DATA —
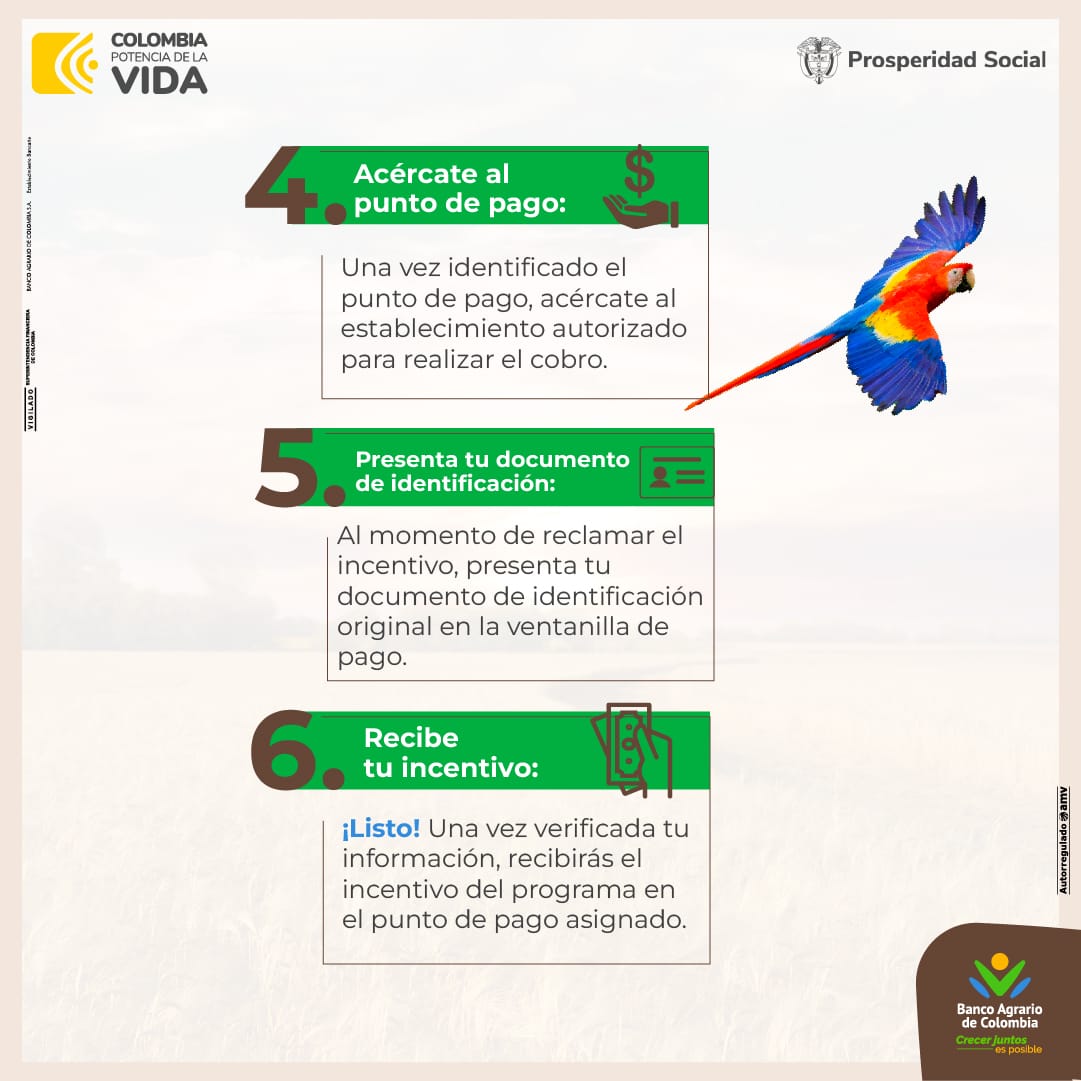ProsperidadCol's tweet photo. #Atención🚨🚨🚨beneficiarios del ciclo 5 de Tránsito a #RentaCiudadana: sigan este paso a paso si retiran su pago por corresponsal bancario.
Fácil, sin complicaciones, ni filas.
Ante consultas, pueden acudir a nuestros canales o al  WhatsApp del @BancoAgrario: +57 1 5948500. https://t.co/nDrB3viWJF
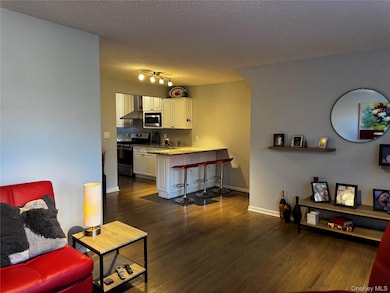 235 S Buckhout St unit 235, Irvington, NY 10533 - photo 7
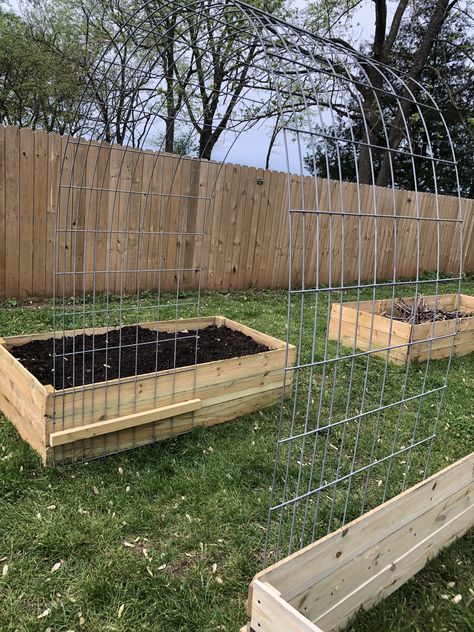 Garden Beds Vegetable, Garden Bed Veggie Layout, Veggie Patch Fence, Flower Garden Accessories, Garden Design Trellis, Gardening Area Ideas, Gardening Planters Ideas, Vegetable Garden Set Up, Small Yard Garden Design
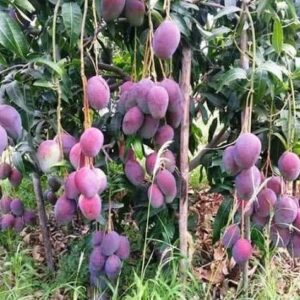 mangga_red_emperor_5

WORK REQUIRED —
Copy these entries precisely and drop any picture.

ANSWER SECTION —
ProsperidadCol's tweet photo. #Atención🚨🚨🚨beneficiarios del ciclo 5 de Tránsito a #RentaCiudadana: sigan este paso a paso si retiran su pago por corresponsal bancario.
Fácil, sin complicaciones, ni filas.
Ante consultas, pueden acudir a nuestros canales o al  WhatsApp del @BancoAgrario: +57 1 5948500. https://t.co/nDrB3viWJF
 235 S Buckhout St unit 235, Irvington, NY 10533 - photo 7
 Garden Beds Vegetable, Garden Bed Veggie Layout, Veggie Patch Fence, Flower Garden Accessories, Garden Design Trellis, Gardening Area Ideas, Gardening Planters Ideas, Vegetable Garden Set Up, Small Yard Garden Design
 mangga_red_emperor_5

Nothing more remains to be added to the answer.